To be honest, I am still reeling from this weekend. This was certainly one of the craziest weekends I have had in a while, but I am so full of joy from how successful our annual Christmas fundraiser was. We raised almost $900! We have enough to provide two families with Christmas gifts and dinner. We will have some leftover cash that we will be putting towards purchasing some thick hoodies for homeless vets as well. I am just absolutely thankful to have such a strong community that cares about each other!
So the topic today that I wanted to talk about is forgiveness. I believe we have touched on making amends, but I believe that these two topics are important to differentiate between. Making amends with someone is basically apologizing with the intent to never commit the act again. Making amends is more introspective. It is designed to allow us to let go of the hurt that we have caused others and make it right by not repeating the same act again (we may dive into this deeper later).
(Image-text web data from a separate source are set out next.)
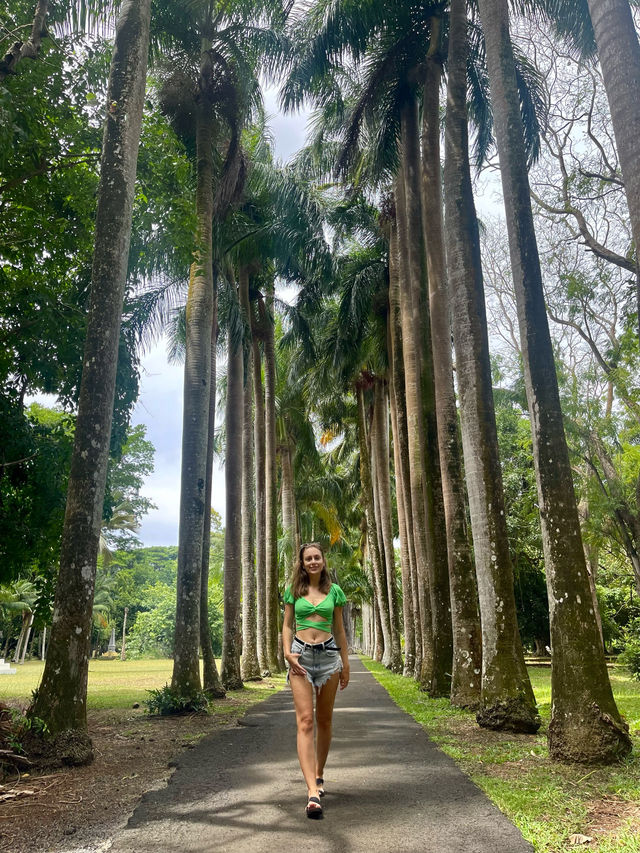 📍Pamplemousses Botanical Garden, Mauritius 🇲🇺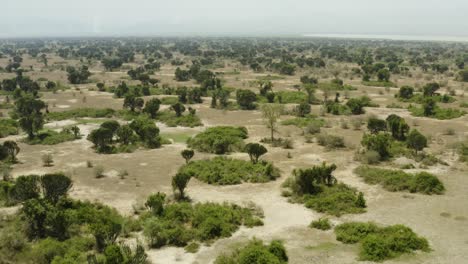 The-Queen-Elizabeth-National-Park-in-Uganda,-Africa-with-vast-plains-full-of-trees-and-desert
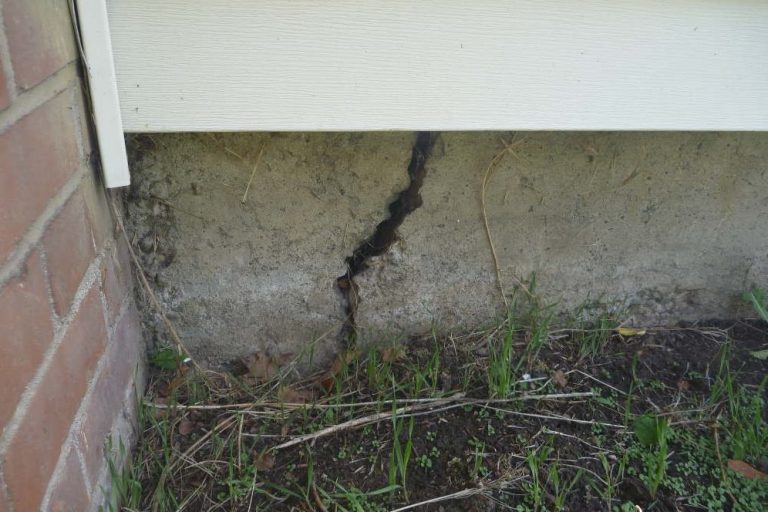 Subterranean Termite Mud Tube in Daphne, AL Active subterranean termite mud tube extending from the soil up a concrete slab foundation during a termite inspection in Daphne, Alabama.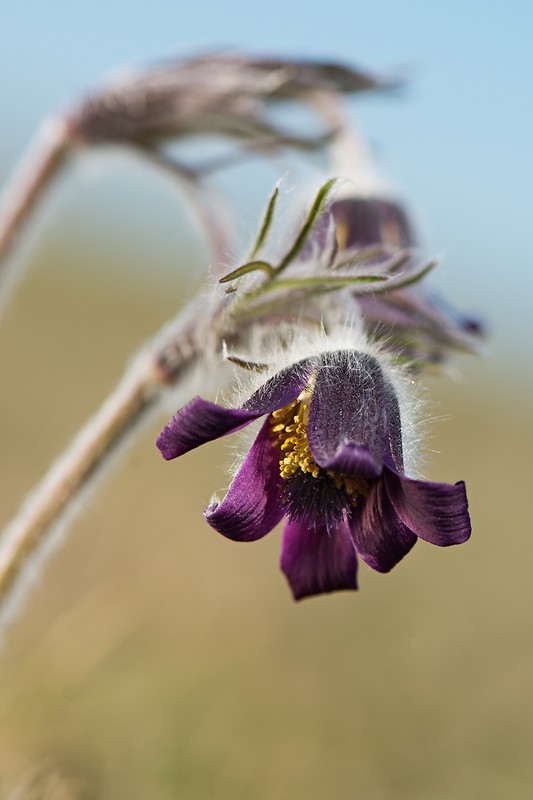 poniklec  lúčny český Pulsatilla pratensis subsp. nigricans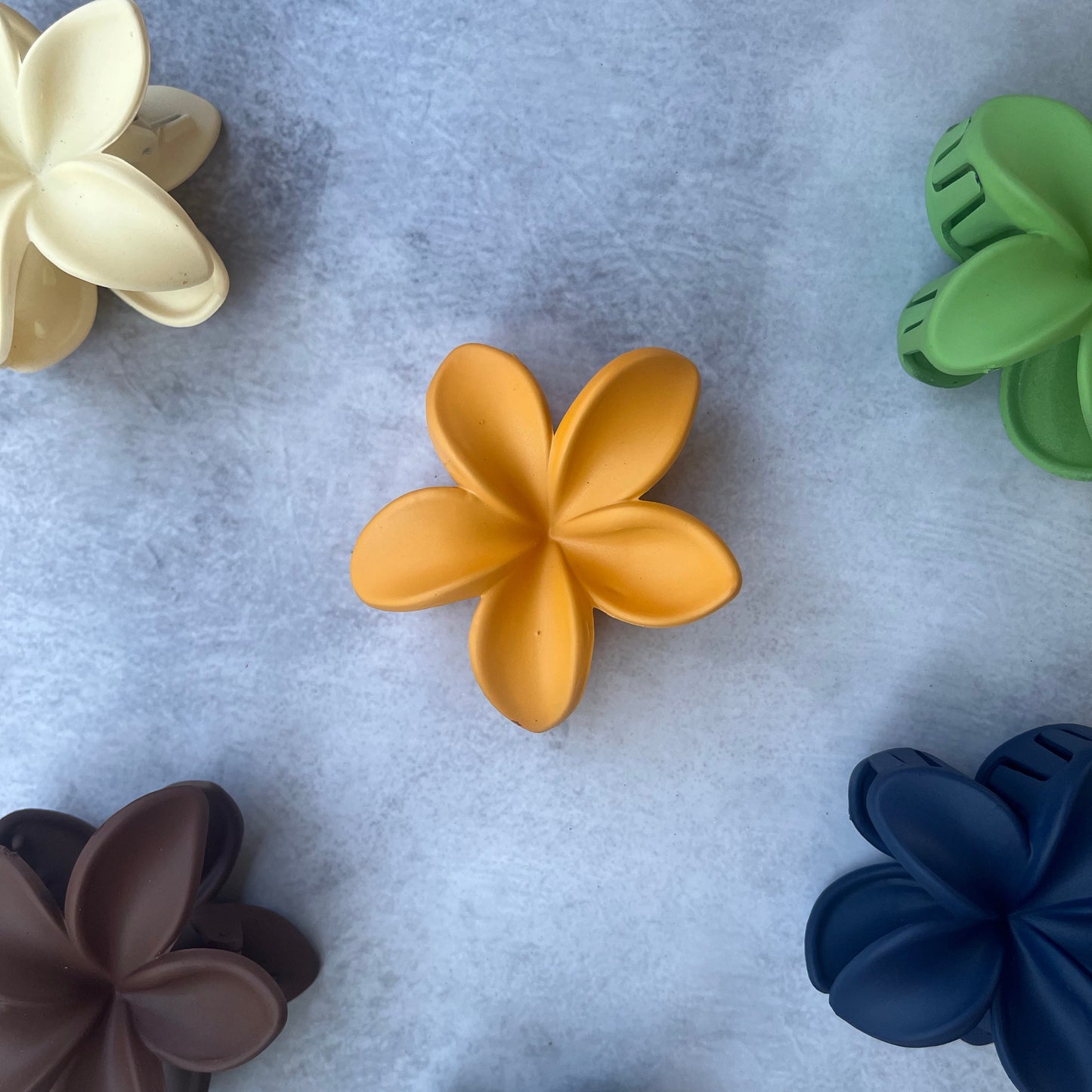 Hibiscus Claw Clip ๐บ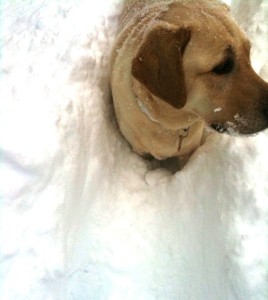 Snow 4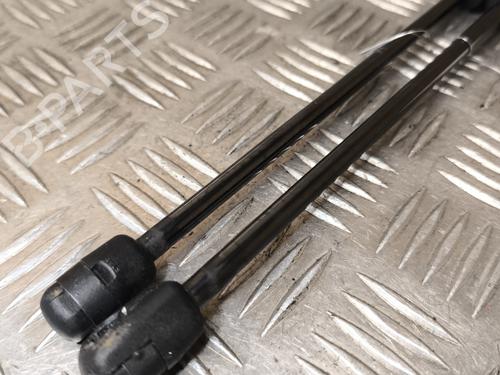 Tailgate lift support LAND ROVER FREELANDER 2 (L359) 2.2 TD4 4x4 | BP22556646C138 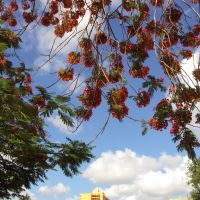 Hialeah Landscape and Flamboyant tree, Майами-Спрингс
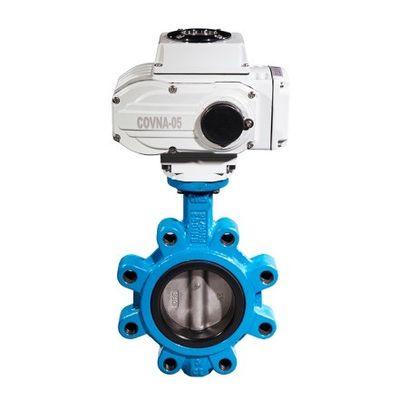 カスタマイズされたJIS 10k/5k PN10/16 アルミ ブロンズ ステンレス ステンレス ボディ EPDM NBR PTFE シート ラグ タイプ バターフライ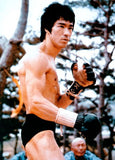 Image of Bruce Lee wearing Kenpo Glove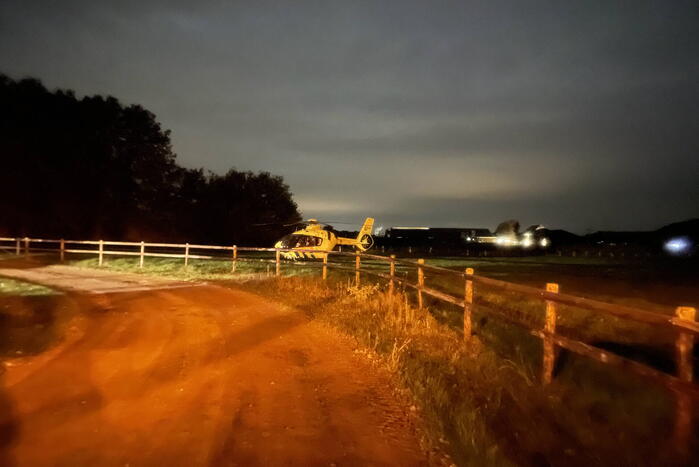 Bestuurder botst frontaal op boom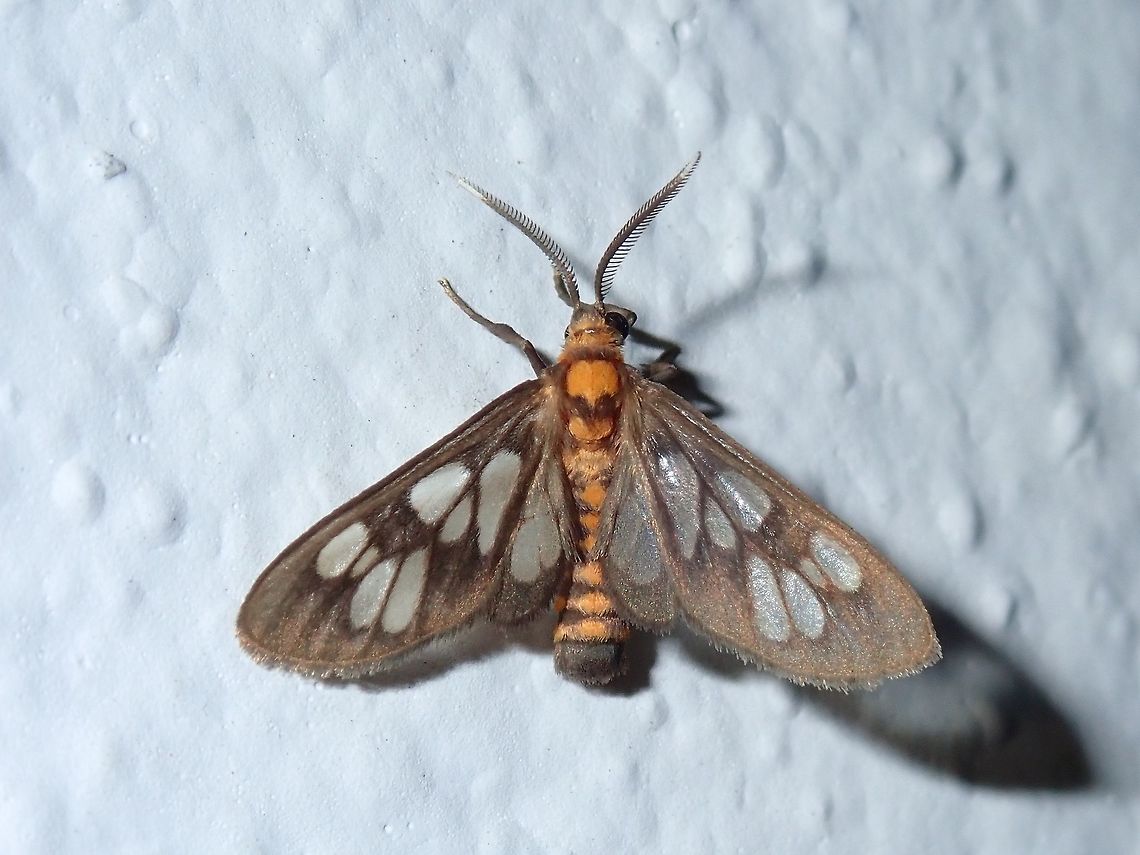 Wasp Moth - Eressa confinis A different Wasp Moth from the previous Observation, seen very close to each other. Eressa confinis,Kuala Lumpur,Malaysia,Moth,Wasp Moth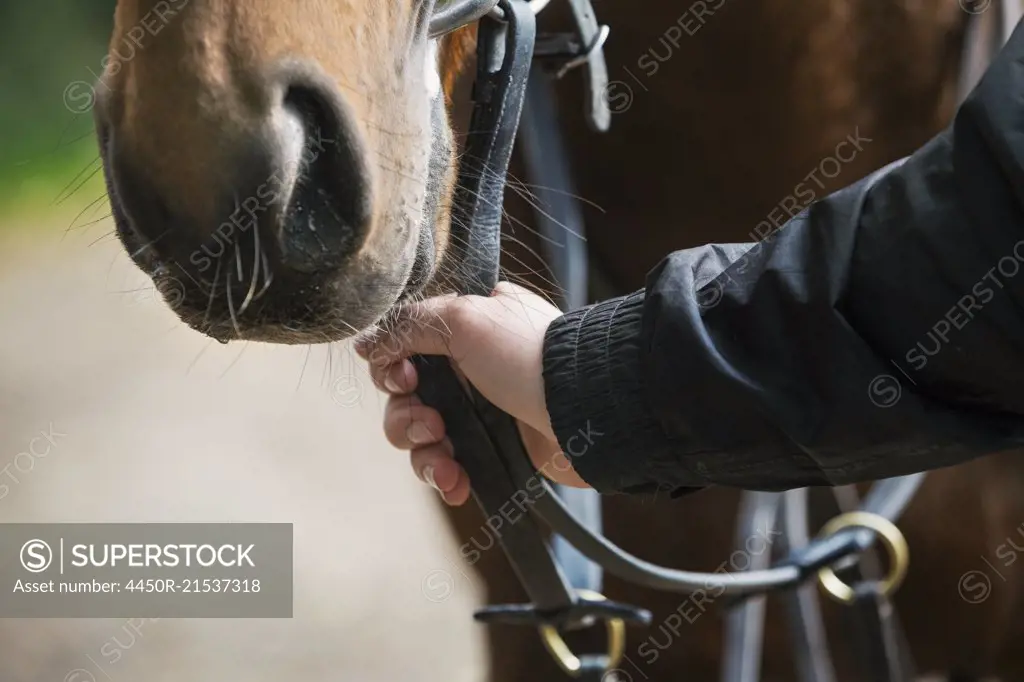 Close up of a human hand holding a brown horse by the bridle.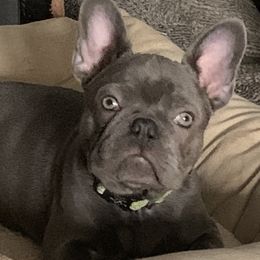 Mr Hank - French Bulldog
However, forgiveness is slightly different.
In recovery forgiveness is two ways; forgiving others and asking for forgiveness. Making amends doesn’t require action from the other person while asking for forgiveness does. Now just because we ask for forgiveness doesn’t mean that we require the other person to accept it, or give up their approval.
When we ask for forgiveness we are putting ourselves out there and making ourselves vulnerable. This is very important in recovery and I will probably talk about vulnerability a lot on the blog. The person that we are seeking forgiveness from has a chance to see us in a light that they might not be used to. This can be very powerful in affecting their response. However, if you are using this as a manipulation tactic, it will only work a few times and then you will have ruined a great tool for moving through some of the toughest times in recovery.
Sincerity is very important. If you are not truly sorry and really seek to begin to mend the bond then I would not suggest you request forgiveness. This can also make the process of requesting forgiveness even harder than it already is.
Now if someone is requesting forgiveness from you there are some elements that we need to consider. We need to make sure that we are reserved with our forgiveness. We do not want to enable poor behavior by making the forgiveness a “get out of jail free” card. We must evaluate the situation and make the best judgment from there. Only you will be able to make those calls. It is certainly healthy to simply say thanks and let to person know that you need some time to process if you can accept their apology and give them forgiveness. Don’t hesitate doing this as you can take a day or two to really analyze what the best choice is. Sometimes asking others or journaling can help you figure out what is the right choice for the situations.
One more note for those accepting forgiveness. Once you have forgiven the person that means that the issue ends. Don’t bring it up six months later as a way to bring them down or hurt them. If you cannot get over the problem after the forgiveness then don’t give it in the first place.
Forgiveness is a powerful tool to mend bonds and fix relationships. It shouldn’t be taken lightly. Please make sure that when you are entering a relationship that may have been toxic in the past that you have studies boundaries and enabling in order to tell how to handle the issue.
If you have any other questions or comment please feel free to reach out to me, via email through this site, and I will be more than happy to help you with any issue that you might be having.
Take care of each other!
I had a counselor who had told me about how his mother didn’t trust him. There was a lot of forgiveness to be put out. When he would visit her she would hide her purse from him. While it hurt him to no end, he knew why. This type of behavior lasted clear into him becoming a drug and alcohol counselor.
After his mother passed away, he returned home to handle her estate with his siblings. To his surprise, his mother had left him as the responsible party in handling her estate.
Just because we don’t think that we are making way with people in our recovery, doesn’t mean that we aren’t.